» What you should do
Please repeat the lines below, exactly and only, from the one that holds "Albert Ludovici Snr" through the one that holds "The Witches Ride".

Top of The records

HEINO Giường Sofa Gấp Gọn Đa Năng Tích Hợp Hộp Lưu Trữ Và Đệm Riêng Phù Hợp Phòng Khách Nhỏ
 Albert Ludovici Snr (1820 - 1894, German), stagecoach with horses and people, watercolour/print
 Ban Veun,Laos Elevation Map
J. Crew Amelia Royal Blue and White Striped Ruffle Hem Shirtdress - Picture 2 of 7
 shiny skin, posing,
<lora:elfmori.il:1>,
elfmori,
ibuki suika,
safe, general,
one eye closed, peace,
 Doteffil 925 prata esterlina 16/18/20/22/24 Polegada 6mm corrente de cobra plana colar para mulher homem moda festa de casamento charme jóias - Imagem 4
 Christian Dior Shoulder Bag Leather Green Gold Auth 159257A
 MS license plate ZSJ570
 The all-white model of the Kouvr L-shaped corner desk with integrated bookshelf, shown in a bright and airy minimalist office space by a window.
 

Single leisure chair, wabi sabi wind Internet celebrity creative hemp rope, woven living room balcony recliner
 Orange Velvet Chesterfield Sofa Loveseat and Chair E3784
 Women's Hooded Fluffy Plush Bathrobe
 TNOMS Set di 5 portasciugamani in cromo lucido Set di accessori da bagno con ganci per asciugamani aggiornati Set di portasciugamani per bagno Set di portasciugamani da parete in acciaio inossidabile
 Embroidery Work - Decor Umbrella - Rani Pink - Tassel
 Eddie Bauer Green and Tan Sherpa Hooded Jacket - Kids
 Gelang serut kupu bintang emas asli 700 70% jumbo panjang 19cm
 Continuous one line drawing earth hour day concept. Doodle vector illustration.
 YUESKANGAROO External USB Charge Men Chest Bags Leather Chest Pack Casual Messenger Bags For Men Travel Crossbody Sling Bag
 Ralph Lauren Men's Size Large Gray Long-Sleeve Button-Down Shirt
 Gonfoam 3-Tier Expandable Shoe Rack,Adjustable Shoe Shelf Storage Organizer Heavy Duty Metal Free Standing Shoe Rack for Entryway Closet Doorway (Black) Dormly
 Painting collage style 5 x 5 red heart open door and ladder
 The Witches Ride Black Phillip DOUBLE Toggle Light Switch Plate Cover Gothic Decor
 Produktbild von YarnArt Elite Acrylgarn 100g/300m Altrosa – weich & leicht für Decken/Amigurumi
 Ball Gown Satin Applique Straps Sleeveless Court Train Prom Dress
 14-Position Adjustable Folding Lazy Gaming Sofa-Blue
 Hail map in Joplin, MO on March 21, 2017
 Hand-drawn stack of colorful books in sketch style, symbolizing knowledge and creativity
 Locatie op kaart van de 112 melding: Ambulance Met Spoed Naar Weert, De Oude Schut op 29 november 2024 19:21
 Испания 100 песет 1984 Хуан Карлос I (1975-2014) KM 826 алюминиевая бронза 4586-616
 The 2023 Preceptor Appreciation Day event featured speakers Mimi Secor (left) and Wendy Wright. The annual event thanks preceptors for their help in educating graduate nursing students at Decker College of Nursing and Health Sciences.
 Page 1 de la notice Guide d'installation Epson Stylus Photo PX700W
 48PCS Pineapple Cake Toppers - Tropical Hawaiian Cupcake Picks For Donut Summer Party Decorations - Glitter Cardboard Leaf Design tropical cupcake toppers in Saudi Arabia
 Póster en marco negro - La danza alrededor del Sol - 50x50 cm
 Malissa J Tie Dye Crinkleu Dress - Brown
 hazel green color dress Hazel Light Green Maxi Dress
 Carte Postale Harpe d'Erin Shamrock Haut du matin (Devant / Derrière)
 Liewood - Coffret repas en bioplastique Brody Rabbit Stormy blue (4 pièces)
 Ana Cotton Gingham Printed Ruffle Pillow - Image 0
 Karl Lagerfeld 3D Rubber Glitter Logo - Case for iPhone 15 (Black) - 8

Bottom of The records

» Final answer
 Albert Ludovici Snr (1820 - 1894, German), stagecoach with horses and people, watercolour/print
 Ban Veun,Laos Elevation Map
J. Crew Amelia Royal Blue and White Striped Ruffle Hem Shirtdress - Picture 2 of 7
 shiny skin, posing,
<lora:elfmori.il:1>,
elfmori,
ibuki suika,
safe, general,
one eye closed, peace,
 Doteffil 925 prata esterlina 16/18/20/22/24 Polegada 6mm corrente de cobra plana colar para mulher homem moda festa de casamento charme jóias - Imagem 4
 Christian Dior Shoulder Bag Leather Green Gold Auth 159257A
 MS license plate ZSJ570
 The all-white model of the Kouvr L-shaped corner desk with integrated bookshelf, shown in a bright and airy minimalist office space by a window.
 

Single leisure chair, wabi sabi wind Internet celebrity creative hemp rope, woven living room balcony recliner
 Orange Velvet Chesterfield Sofa Loveseat and Chair E3784
 Women's Hooded Fluffy Plush Bathrobe
 TNOMS Set di 5 portasciugamani in cromo lucido Set di accessori da bagno con ganci per asciugamani aggiornati Set di portasciugamani per bagno Set di portasciugamani da parete in acciaio inossidabile
 Embroidery Work - Decor Umbrella - Rani Pink - Tassel
 Eddie Bauer Green and Tan Sherpa Hooded Jacket - Kids
 Gelang serut kupu bintang emas asli 700 70% jumbo panjang 19cm
 Continuous one line drawing earth hour day concept. Doodle vector illustration.
 YUESKANGAROO External USB Charge Men Chest Bags Leather Chest Pack Casual Messenger Bags For Men Travel Crossbody Sling Bag
 Ralph Lauren Men's Size Large Gray Long-Sleeve Button-Down Shirt
 Gonfoam 3-Tier Expandable Shoe Rack,Adjustable Shoe Shelf Storage Organizer Heavy Duty Metal Free Standing Shoe Rack for Entryway Closet Doorway (Black) Dormly
 Painting collage style 5 x 5 red heart open door and ladder
 The Witches Ride Black Phillip DOUBLE Toggle Light Switch Plate Cover Gothic Decor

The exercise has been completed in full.